Re: [PATCH RFC] hugetlbfs 'noautofill' mount option

From: Prakash Sangappa
Date: Tue May 02 2017 - 12:07:11 EST




On 5/2/17 3:53 AM, Anshuman Khandual wrote:
On 05/01/2017 11:30 PM, Prakash Sangappa wrote:
Some applications like a database use hugetblfs for performance
reasons. Files on hugetlbfs filesystem are created and huge pages
allocated using fallocate() API. Pages are deallocated/freed using
fallocate() hole punching support that has been added to hugetlbfs.
These files are mmapped and accessed by many processes as shared memory.
Such applications keep track of which offsets in the hugetlbfs file have
pages allocated.

Any access to mapped address over holes in the file, which can occur due
s/mapped/unmapped/ ^ ?

It is 'mapped' address.


to bugs in the application, is considered invalid and expect the process
to simply receive a SIGBUS. However, currently when a hole in the file is
accessed via the mapped address, kernel/mm attempts to automatically
allocate a page at page fault time, resulting in implicitly filling the
hole
But this is expected when you try to control the file allocation from
a mapped address. Any changes while walking past or writing the range
in the memory mapped should reflect exactly in the file on the disk.
Why its not a valid behavior ?
Sure, that is a valid behavior. However, hugetlbfs is a pesudo filesystem
and the purpose is for applications to use hugepage memory. The contents
of these filesystem are not backed by disk nor are they swapped out.
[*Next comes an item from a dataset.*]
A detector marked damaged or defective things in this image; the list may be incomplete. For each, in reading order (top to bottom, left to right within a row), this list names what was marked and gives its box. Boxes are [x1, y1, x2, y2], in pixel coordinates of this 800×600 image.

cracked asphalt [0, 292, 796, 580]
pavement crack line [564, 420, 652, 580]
The proposed new behavior is only applicable for hugetlbfs filesystem mounted
with the new 'noautofill' mount option. The file's page allocation/free are managed
using the 'fallocate()' API.

For hugetlbfs filesystems mounted without this option, there is no change in behavior.
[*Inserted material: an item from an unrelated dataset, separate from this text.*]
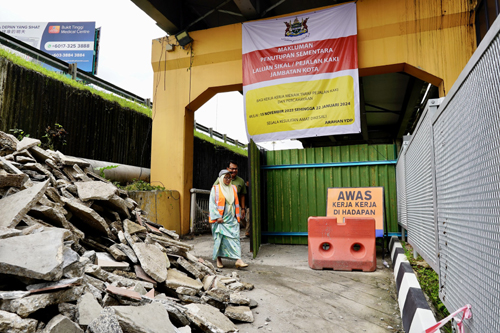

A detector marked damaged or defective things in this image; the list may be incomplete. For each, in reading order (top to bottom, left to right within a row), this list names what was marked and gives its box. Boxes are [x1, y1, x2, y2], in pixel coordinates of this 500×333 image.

in the file. This may not be the desired behavior for applications like the
database that want to explicitly manage page allocations of hugetlbfs
files.

This patch adds a new hugetlbfs mount option 'noautofill', to indicate that
pages should not be allocated at page fault time when accessed thru mmapped
address.
When the page should be allocated for mapping ?
The application would allocate/free file pages using the fallocate() API.